No one driving through ever stops
at Fanny’s, where no highway goes.
Only the faded stop sign a block

from where she flips burgers
over a red-hot grill points
to the need for intersecting lives,

the places people meet
to share love and discord,
as well as the scent of burnt coffee
and pies mile-high meringued.

Ramona Levacy
April 26, 2015

Posted in Poetry

Mesquite Bend: Founding

30 days poetry

What They Know

These tough trees grow like weeds,
dotting the world in all directions
like gnarled, black claws.

When the dust blew like oxygen,
painting its sandy fingerprints
deep into the knuckles of the farmers

who worked the land here,
the mesquite’s pickled branches
set on shelves laid bare

of all else edible.  Mesquite digs
itself into the dirt, holding on
like death.  Those who call

these plains home know
the need to cling, to plow
even when your blood

mingles with the dirt.  This town
sprang up among these trees,
its gnarly fingers gripping,

ever gripping, a world
that flies by them
like no trees are rooted here.

Ramona Levacy
April 25, 2015

Posted in Poetry

Mesquite Bend: Homecoming

30 days poetry

And So They Dance

The brisk, leafy wind carries
with it the march to mums
draped in multi-colored ribbons,
the musty scent of sweat and Gatorade
that marks football and Fall
anywhere in this great state of Texas.

Even blink-in-the-road towns
like this one have rival teams
they have faced off in battle
for generations of touchdowns
and field goals that sail through the uprights
as the last seconds fade into destiny.

Lee Perkins, who has no children,
places posters in his shoe store window
a full month before the big game,
his stray moments, of which there are many,
filled with small talk about halfbacks
and the never-benchers, those players

who have more than a love
for the pigskin, but the skill
to loft themselves as skyward
as the passes they have thrown
since before they could scribble
their own names.

Lee tracked the equipment
when he was 16, playing
from the sidelines, holding up
the walls after the big game,
as he watched the football captain
slow-step with Nancy Wright,
the only girl Lee would ever love.

Ramona Levacy
April 24, 2015

Posted in Poetry

Mesquite Bend: Trains

30 days poetry

Tracks

Two lines of rusted steel run
parallel to the highway,
veering two miles south of town
just where the old blacksmith shop

once stood and, rumor has it,
Mr.
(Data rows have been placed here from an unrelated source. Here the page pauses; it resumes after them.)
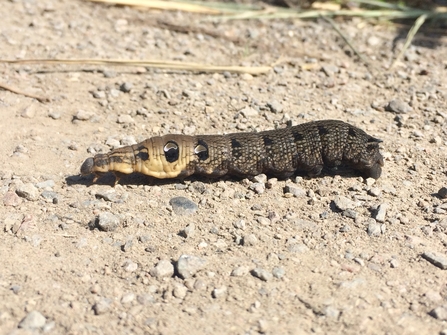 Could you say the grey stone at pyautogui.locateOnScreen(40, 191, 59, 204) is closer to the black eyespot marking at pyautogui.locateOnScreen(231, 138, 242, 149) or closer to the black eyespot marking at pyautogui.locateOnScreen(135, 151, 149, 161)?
the black eyespot marking at pyautogui.locateOnScreen(135, 151, 149, 161)

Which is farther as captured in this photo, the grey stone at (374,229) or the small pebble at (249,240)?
the grey stone at (374,229)

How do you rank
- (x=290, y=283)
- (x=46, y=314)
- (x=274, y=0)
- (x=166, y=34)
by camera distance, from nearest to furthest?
(x=46, y=314) < (x=290, y=283) < (x=166, y=34) < (x=274, y=0)

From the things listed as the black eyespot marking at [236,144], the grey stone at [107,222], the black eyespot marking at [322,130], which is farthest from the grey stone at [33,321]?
the black eyespot marking at [322,130]

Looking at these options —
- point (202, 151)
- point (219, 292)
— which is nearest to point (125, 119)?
point (202, 151)

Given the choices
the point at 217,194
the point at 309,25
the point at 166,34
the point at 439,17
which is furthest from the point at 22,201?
the point at 439,17

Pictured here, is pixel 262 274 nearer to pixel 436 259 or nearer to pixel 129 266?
pixel 129 266

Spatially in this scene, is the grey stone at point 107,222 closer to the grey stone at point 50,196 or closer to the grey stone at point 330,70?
the grey stone at point 50,196

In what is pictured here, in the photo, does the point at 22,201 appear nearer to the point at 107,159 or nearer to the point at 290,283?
the point at 107,159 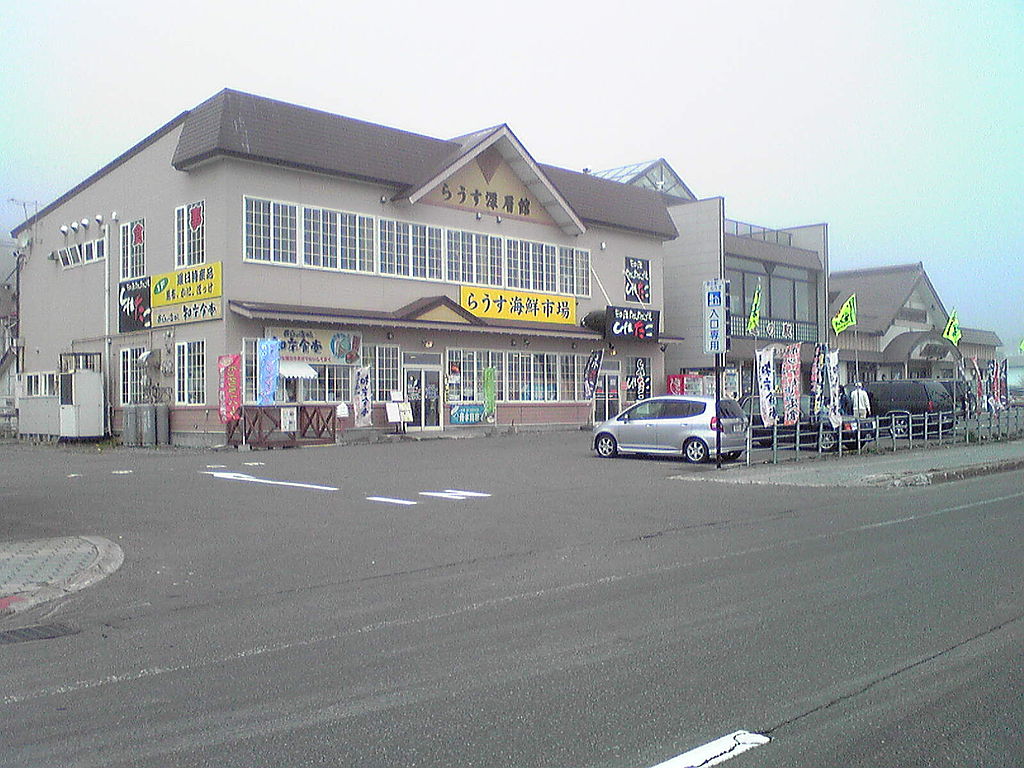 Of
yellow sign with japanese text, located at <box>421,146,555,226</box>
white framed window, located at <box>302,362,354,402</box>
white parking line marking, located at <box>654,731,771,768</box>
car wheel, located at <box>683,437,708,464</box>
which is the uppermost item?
yellow sign with japanese text, located at <box>421,146,555,226</box>

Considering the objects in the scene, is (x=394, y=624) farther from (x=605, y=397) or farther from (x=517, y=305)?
(x=605, y=397)

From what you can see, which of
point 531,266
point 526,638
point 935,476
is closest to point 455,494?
point 935,476

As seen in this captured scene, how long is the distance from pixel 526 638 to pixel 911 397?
26.5m

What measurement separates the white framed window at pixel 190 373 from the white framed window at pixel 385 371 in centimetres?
517

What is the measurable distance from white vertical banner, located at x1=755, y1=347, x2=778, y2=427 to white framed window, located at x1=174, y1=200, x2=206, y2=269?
15535 mm

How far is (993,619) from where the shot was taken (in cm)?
712

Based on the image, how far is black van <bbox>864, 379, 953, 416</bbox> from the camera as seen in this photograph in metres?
30.0

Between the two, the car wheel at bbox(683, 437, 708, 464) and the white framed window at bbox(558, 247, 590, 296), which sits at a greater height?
the white framed window at bbox(558, 247, 590, 296)

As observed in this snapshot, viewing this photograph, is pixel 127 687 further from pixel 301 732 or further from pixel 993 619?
pixel 993 619

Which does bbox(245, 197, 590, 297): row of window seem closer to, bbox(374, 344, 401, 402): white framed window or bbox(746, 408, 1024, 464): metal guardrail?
bbox(374, 344, 401, 402): white framed window

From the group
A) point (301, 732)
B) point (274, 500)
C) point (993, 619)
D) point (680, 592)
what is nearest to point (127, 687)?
point (301, 732)

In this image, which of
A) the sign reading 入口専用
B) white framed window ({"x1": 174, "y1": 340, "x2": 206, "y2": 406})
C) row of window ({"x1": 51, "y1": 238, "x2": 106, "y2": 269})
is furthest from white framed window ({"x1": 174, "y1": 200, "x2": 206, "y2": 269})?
the sign reading 入口専用

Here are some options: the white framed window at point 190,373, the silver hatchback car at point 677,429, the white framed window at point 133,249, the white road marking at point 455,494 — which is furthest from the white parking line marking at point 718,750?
the white framed window at point 133,249

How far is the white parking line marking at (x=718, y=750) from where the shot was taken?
448cm
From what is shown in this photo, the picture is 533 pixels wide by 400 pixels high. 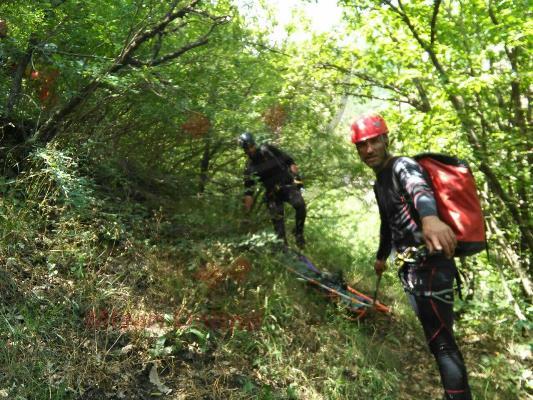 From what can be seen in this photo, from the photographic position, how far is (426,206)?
2.52m

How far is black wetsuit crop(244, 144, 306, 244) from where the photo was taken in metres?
5.43

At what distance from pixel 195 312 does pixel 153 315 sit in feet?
1.38

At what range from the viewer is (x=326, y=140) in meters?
5.78

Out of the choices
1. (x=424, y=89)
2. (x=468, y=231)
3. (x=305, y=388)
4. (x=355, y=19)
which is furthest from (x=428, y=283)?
(x=355, y=19)

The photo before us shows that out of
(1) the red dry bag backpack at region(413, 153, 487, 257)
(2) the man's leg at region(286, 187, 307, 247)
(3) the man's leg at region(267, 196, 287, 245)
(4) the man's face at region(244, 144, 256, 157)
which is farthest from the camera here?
(2) the man's leg at region(286, 187, 307, 247)

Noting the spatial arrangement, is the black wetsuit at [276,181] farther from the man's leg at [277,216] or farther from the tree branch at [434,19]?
the tree branch at [434,19]

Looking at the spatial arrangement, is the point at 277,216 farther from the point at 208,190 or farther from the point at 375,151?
the point at 375,151

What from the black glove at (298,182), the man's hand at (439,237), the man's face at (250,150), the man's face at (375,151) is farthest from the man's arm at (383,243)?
the man's face at (250,150)

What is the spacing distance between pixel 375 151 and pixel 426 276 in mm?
869

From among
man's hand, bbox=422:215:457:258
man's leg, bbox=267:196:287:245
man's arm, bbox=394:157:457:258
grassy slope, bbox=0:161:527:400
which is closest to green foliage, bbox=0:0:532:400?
grassy slope, bbox=0:161:527:400

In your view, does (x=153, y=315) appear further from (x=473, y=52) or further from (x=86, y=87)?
(x=473, y=52)

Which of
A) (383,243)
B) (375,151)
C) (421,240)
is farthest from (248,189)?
(421,240)

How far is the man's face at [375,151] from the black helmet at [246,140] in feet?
7.38

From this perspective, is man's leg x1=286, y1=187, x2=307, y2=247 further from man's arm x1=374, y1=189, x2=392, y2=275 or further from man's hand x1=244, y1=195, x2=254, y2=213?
man's arm x1=374, y1=189, x2=392, y2=275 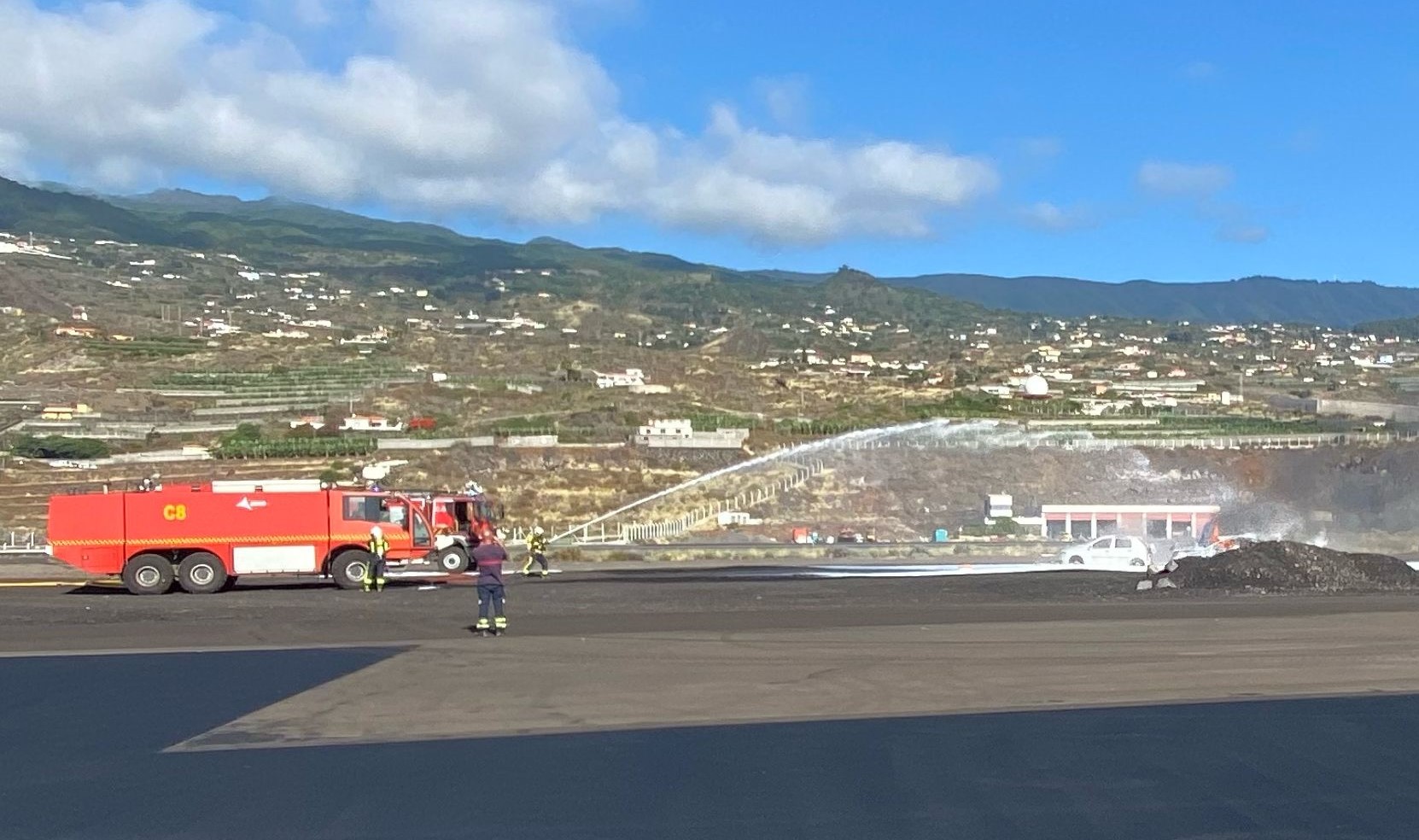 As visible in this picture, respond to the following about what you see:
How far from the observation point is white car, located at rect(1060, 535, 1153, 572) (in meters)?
43.3

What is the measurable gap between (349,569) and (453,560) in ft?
10.3

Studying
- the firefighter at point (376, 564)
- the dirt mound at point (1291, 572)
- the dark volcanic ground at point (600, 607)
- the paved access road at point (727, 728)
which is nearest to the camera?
the paved access road at point (727, 728)

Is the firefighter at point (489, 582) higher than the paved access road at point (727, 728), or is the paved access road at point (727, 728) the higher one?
the firefighter at point (489, 582)

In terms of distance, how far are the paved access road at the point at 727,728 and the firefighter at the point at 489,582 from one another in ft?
1.78

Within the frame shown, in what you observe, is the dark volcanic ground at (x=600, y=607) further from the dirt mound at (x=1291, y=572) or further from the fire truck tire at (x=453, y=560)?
the fire truck tire at (x=453, y=560)

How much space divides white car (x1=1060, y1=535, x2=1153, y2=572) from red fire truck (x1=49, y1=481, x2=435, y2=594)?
21.2m

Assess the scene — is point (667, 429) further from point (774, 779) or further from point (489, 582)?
point (774, 779)

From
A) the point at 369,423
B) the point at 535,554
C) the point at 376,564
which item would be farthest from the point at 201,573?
the point at 369,423

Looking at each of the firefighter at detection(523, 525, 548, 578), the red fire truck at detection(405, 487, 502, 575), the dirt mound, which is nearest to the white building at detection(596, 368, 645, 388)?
the red fire truck at detection(405, 487, 502, 575)

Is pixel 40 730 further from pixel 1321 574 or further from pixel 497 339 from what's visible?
pixel 497 339

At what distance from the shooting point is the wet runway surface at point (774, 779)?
31.4ft

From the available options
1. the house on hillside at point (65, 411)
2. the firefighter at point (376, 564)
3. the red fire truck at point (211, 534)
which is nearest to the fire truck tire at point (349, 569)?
the red fire truck at point (211, 534)

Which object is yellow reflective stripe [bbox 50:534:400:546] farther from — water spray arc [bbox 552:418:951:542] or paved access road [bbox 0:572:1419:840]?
water spray arc [bbox 552:418:951:542]

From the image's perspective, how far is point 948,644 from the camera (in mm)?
21094
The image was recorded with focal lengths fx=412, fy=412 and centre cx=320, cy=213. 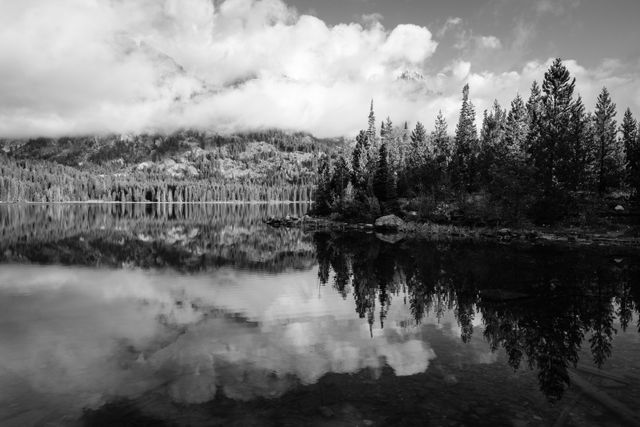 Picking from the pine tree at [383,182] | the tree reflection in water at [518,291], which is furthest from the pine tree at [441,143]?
the tree reflection in water at [518,291]

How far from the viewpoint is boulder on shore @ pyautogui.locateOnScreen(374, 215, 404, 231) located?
7342 centimetres

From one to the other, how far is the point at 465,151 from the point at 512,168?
3597 cm

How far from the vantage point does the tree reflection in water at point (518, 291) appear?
15531 millimetres

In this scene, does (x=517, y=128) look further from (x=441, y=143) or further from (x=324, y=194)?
(x=324, y=194)

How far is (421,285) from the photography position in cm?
2698

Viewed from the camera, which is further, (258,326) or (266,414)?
(258,326)

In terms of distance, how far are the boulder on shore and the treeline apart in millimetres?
6900

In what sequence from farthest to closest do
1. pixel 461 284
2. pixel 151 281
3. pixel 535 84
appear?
pixel 535 84 < pixel 151 281 < pixel 461 284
Murphy shot his wife
and her lover at the turn
of another century.

Except where they slow
for the intersection by the school
and cemetery, the trains

rumble past the houses and shops
that make up Mesquite Bend
from early in the morning
until late at night.  Mike Keel,
who lives just yards from the tracks,

takes an hour every Saturday
to straighten the pictures his wife
has hung on their many walls,
only to wince as the next rumble

inches the frames just a little
more sideways.  The Reiser children
like to count the cars streaming by,
dreaming about the pretty things
locked away behind the graffitied boxes.

One time, a train with two engines
and more than a hundred cars
came to a stop on the tracks
for three hours, as children
from all over town scurried
around the caboose, making friends

with two conductors
and the engineer.  Many kids
have tightroped these tracks
running away from home
or a whipping, but true as steel

the tracks always
lead them home.

Ramona Levacy
April 23, 2015

Posted in Poetry

Mesquite Bend: Bubba Blue

30 days poetry

True Colors

All who drive by the blink
that is Mesquite Bend notice
the yellow and orange house,
a ranch-style built in 1962
when the mini-oil boom swept
through this Texas county.

Bubba Blue bought the house
from his grandmother’s estate
five years before, when the house
gleamed white with a tan border.

Bubba, who stands six-foot-four
in pin-striped-stockinged feet,
looks like a light pole in his pastel shirts
and crisp, starched slacks.  The tassels
on his dress shoes almost jingle
as he stands behind the counter
at the local bank, his bright smile
the highlight of many an old woman’s
day.  Bubba loves Zane Grey,

romcom movies and ice cream,
but only his female corgi knows
Bubba sleeps on pink, Egyptian cotton
sheets in a room painted red.

Colors, Bubba’s true loves, draw
the eye to the house where his family
have come in and out of the world
since a 17-year-old Blue brought
his bride to the new construction,
as sure of himself as the West Texas wind.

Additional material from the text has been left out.